L’intrigue suit Jesse, une adolescente qui débarque à Los Angeles dans l’espoir de devenir mannequin. Rapidement, sa très grande beauté lui permet d’enchaîner les contrats, mais elle excite aussi la jalousie chez certaines de ses consœurs.

Dès les premiers instants du film, on sent que Refn n’a rien perdu de son mordant, et que ce nouvel opus sera d’une splendeur visuelle qui ne détonnera pas avec le reste de sa filmographie. Immédiatement, on pense au cinéma de Dario Argento, pour ses cadrages aux accents maniéristes et sa photographie aux couleurs saturées. Il y a aussi du Argento dans les glissements électro de l’assourdissante bande sonore. Le développement de l’intrigue paraît d’ailleurs calqué sur celui de son chef-d’œuvre, Suspiria (1977): on y retrouve une jeune ingénue, portée par le désir de réussite, qui est catapultée dans un monde hostile où des individus louches, comme attirés par elle, commencent à lui tourner autour sans qu’on puisse identifier leurs motivations. Elle Fanning arpente cet angoissant dédale de glaces et de lumières, vénus adolescente captant tous les regards avec sa peau de lait et sa chevelure bouclée. D’abord timide, son comportement commence à changer lorsqu’elle fait allégeance au démon de néon, devenant plus agressif, plus affirmé, jusqu’à ce que sa pruderie naturelle reprenne le dessus et cause sa perte. Inévitablement, le film fait également penser au Blow-up d’Antonioni, au Black Swan d’Aronofsky et au cinéma de Sofia Coppola.

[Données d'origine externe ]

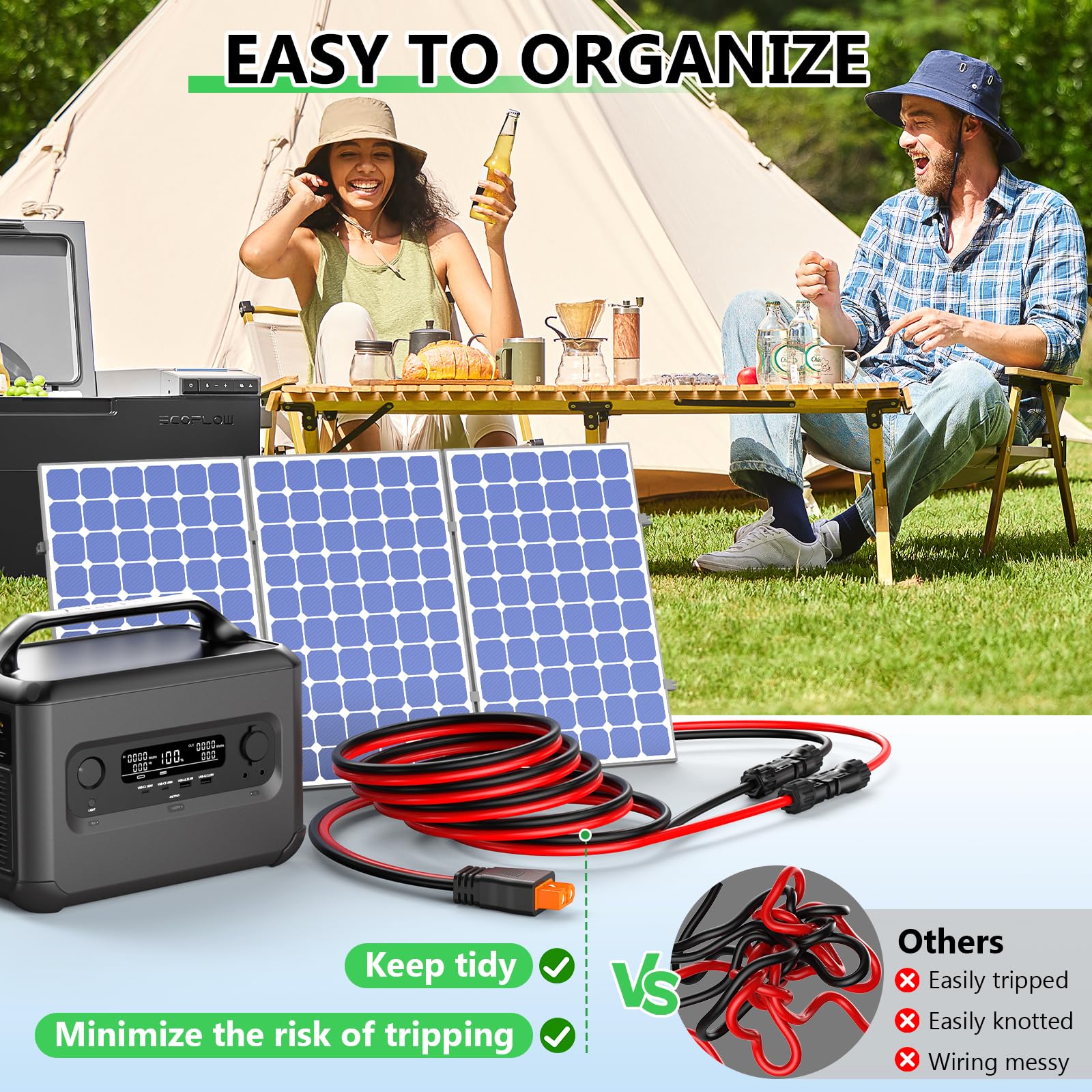 Vansdon XT60i Extension Cable in outdoor use scenario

En revanche, Refn parvient à se défaire de ses influences pour imposer son thème de prédilection, qui est la sauvagerie. Ce qui lie entre eux des œuvres comme Bronson (2009), Valhalla Rising (2010) ou Only God Forgives (2013), ce sont ces individus en butte à une civilisation aveugle qui ne peuvent retrouver un sentiment de puissance qu’en faisant éclater leur violence intérieure, qu’en renouant avec une certaine agressivité purement animale. C’est cette violence qui traverse The Neon Demon, d’abord de manière latente, « psychologique », puis dans un crescendo allant presque jusqu’au gore. Refn met en place un univers en trompe-l’œil, avec une omniprésence des miroirs et des motifs sériels qui créent une sourde impression de menace (Où sommes-nous? Où finit cet espace qui semble se répéter à l’infini?). Un univers tapissé de visages de femmes d’une beauté troublante, mais néanmoins artificielle, comme si ces visages charmants étaient des masques qui, lorsqu’ils finiront par tomber, révèleront toute la laideur et la cruauté du monde. C’est cette violence qui fait que le spectateur est rapidement happé par l’histoire et en reste marqué une fois la projection finie, et ce, en dépit d’un dénouement qui traîne un peu en longueur.

The Neon Demon est donc le film des extrêmes, où le beau côtoie le monstrueux, où la fascination marche de pair avec la terreur. Refn n’a jamais été un cinéaste subtil, et ne semble pas destiné à le devenir. Son dernier film permet au cinéphile d’éprouver ce bonheur (devenu rare aujourd’hui) d’admirer un auteur qui radicalise sa démarche de plus en plus, créant un cinéma toujours plus personnel, toujours plus marquant, toujours plus vrai.